Continuing in this vein, Berlin artist Matthias Dornfeld presents in the exhibition Paintings Sweet Paintings a selection of works that can be read—not least because of their overarching motifs, the different time periods in which they were created, and their spatial arrangement—as a loose genealogy of their longtime preoccupation with the realm of female portraiture. Dornfeld’s paintings not only operate in the tradition of classical pictorial genres but his works—whose mask-like quality not infrequently recalls the paintings of Jawlensky—often also generate a visual aesthetic characteristic of earlier approaches to naïve expressive painting. Yet, although his pictures initially convey this kind of expressive impression, Dornfeld’s works ultimately demonstrate that they are more acutely ensconced in the inventive pictorial strategies of analytical abstraction—ones reflecting painting’s genuine methods. In creating his works, he employs a process of continual layering and overpainting as well as the use of complementary colors and an open-ended interplay between line, surface, and form. Dornfeld is less concerned with producing an expressive gesture in paint than he is with bringing forth a reality intrinsic to painting in which the borders between abstraction and figurative visual elements are productively blurred and achieve formal harmony. In connection to this very approach, what’s unique about Dornfeld’s portraits is therefore also never restricted to the supposedly recognizable physiognomy of the human, but always arises, in a consistent pictorial manner, out of the physiognomic structure of the images themselves.

In contrast, British artist Billy Childish presents in the exhibition several works from his Willow Tree series of paintings, each of which are—and here the recurring references to the historical setting of Kroonstad serve as the crucial contextualizing clue—inspired by original photographs of the British-South African Boer Wars of the late nineteenth-century. If, upon first view, the pictures superficially operate in the genre of landscape painting, the ever-recurrent similarity between the figures depicted and the artist’s own image also opens up an inherent closeness to portraiture. However, the often typical reliance of Childish’s pictorial language on the pioneering paragons of early artistic modernism—ones already deeply anchored in visual memory—can not only be traced in his formal style that recalls the expressive grammar of Edward Munch’s late works and the colorful intensity of Karl Schmidt-Rottluff’s paintings, but is also reflected in his pictorial worlds that incorporate the magical atmosphere of Peter Doig’s work. Not least, however, based on his past artistic affiliation with the Stuckists, hidden behind Childish’s expressive-painterly gesture is not a simple traditionalism or even retrogradism, but one that proves to be a conscious and quasi conceptual taking of a critical anti-stance toward the ceaselessly shifting modes of contemporary art. At the same time, it is these attempts—not always free of contradictions—at critical (self-) positioning that also run like a recurrent theme throughout the musical and literary output of Billy Childish’s entire body of work.
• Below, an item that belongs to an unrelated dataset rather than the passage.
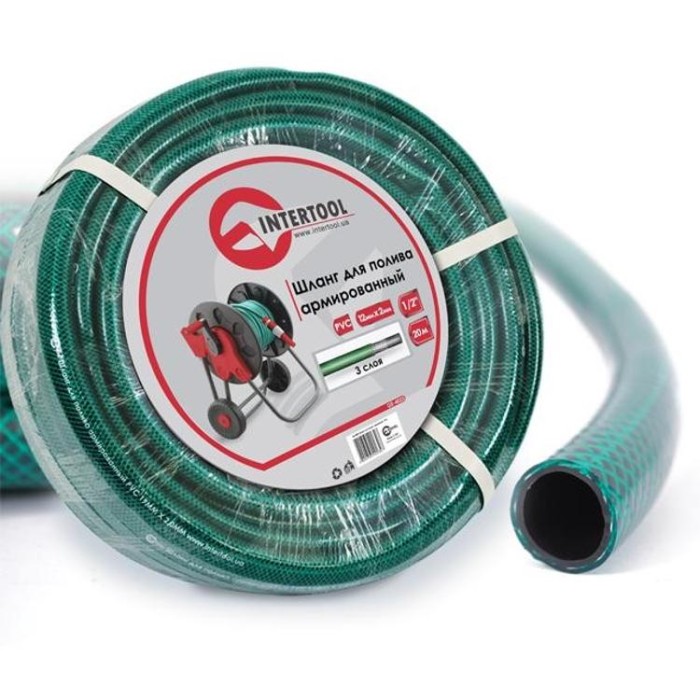 купить купить Шланг для полива 3-х слойный 1/2&quot;, 20 м, армированный PVC INTERTOOL GE-4023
In its current status between kitsch and human admission of desire, the well-known phrase “Home Sweet Home” is often as disconcerting as it is appealing. The allure of the works featured in Paintings Sweet Paintings is also fueled by a similarly contradictory dynamic. In the context of art theoretical debate, they can be labeled all too easily as mere eclecticism or kitschy naiveté. But what they are capable of fulfilling instead—and from different directions so to speak—is an unbroken passion in genuine forms of exploring the world through paint, or in other words, simply a tenacious revitalization of the mythic belief in painting.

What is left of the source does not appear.